The Los Angeles Board of Education voted to buy out Supt. David L. Brewer after only two years of his four-year contract, to the sum of $500,000.
Brewer's critics, led by Board of Education President Monica Garcia, believe that Brewer has not improved the school district at a quick enough pace. But Brewer has a different point of view on that matter.
"LAUSD students had the highest academic gains of any other major school district in the state last year," Brewer said. "Elementary schools, middle schools, and high schools had record gains, and not just by a point or two, but by double digits."
A.J. Duffy, president of the powerful teachers union, does not back up Brewer on that point. Duffy said that steps were already in process to raise test scores before Brewer took office.
"To claim victory on that is not really accurate," Duffy said.
Brewer's critics believe that he was a bad choice to begin with.
"I think he was not a good selection by the previous board," Duffy said. "To bring in what was considered to be the anti-mayor candidate. Admiral Brewer has no idea about LAUSD politics and the City of Los Angeles politics, and he was dropped in this situation."
Brewer was certainly not Mayor Antonio Villaraigosa's selection. Brewer came into office as Villaraigosa was pressing to take control of the school system. Since then Villaraigosa has helped elect a new board majority that was dissatisfied with Brewer from the beginning.

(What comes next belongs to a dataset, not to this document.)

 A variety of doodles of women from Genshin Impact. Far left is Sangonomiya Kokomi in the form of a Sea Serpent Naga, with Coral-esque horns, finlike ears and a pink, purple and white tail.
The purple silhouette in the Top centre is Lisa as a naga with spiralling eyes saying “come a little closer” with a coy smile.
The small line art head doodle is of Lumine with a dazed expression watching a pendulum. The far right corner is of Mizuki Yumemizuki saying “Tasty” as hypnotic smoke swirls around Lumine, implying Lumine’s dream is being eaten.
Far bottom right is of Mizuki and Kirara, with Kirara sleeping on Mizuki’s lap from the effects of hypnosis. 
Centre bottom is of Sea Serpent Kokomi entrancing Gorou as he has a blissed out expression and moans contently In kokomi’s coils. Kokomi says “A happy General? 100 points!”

Last week's fiascle by Garcia to oust Brewer has cast a shadow of racism over this situation. Sentinel columnist Larry Aubry, who is a Brewer critic, pointed out that it was not right for Garcia to attempt to discuss ousting Brewer with other board members on such short notice, especially since Marguerite Poindexter LaMotte, the board's only African American member, was out of town.
Garcia quickly backed off after hearing LaMotte's frustrations about the situation.

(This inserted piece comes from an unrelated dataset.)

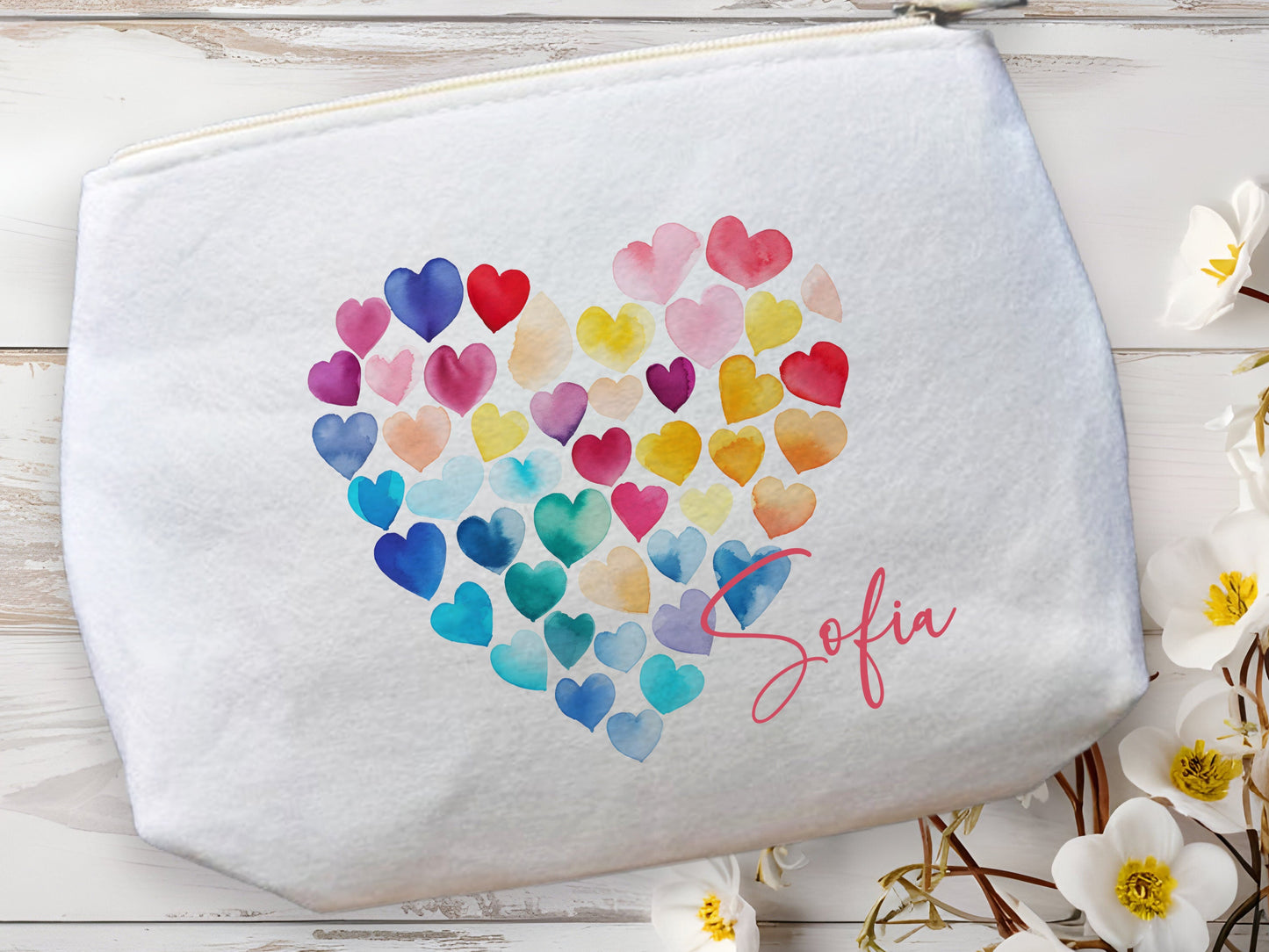 Rainbow Hearts Makeup Bag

Leon Jenkins, Vice President and President-elect of the NAACP's Los Angeles chapter, did not claim racism, but he believes that race could be an issue.
"Test scores were raised, which he was brought in to do," Jenkins said. " He's the only supervisor to not be allowed to finish out his term. Roy Romer (Superintendent before Brewer) completed six years. The test scores were very low, but he was able to finish. Under Brewer there was a double-digit increase. You can argue about the pace of progress. But the changes were significant enough to allow him to finish."
Jenkins believes that Villaraigosa may be behind this.
"I don't think she's (Garcia) doing anything without his blessing," Jenkins said. "If she's promoting a Hispanic for the position it can show racial overtones."
Brewer is distancing himself from the race issue.
"The current debate about my leadership and the performance of the district has been contentious," Brewer said. "It has been demoralizing and debilitating, not only to our valued employees, but has spilled over into our community. As an African-American, I've experienced my share of discrimination. When I joined the Navy as an officer over 37 years ago, there were only 250 African-American officers out of 72,000. I know what it looks like, smells like, and the consequences. Although this debate is disconcerting and troubling, it must not become an ethnic issue. When adults fight, it can manifest itself in our children. This must not become an ethnic or racial battle that infests our schools, our campuses, our playgrounds. This is not about settling an old score, this must be about what is best for every LAUSD student."
It is speculated that Senior Deputy Supt. Ramon C. Cortines will accept the superintendent position on an interim basis. Cortines has managed day-to-day operations as well as long-term planning for the LAUSD since Brewer handed them over to him eight months ago. Critics questioned why the district should be paying two superintendents.
There has not been a decision on a permanent successor. More than likely the next superintendent will have a background in education.
"Brewer was the superintendent and he was a soldier, but he never was an educator," said Danny Bakewell, Community Leader and Sentinel Executive Publisher. "We need to stop hiring military men to oversee the education of our children. Hiring military leaders to run school districts seems to be a pattern [Washington D.C., New Orleans and Los Angeles all hired ex military to head their districts] and each time it has failed miserably."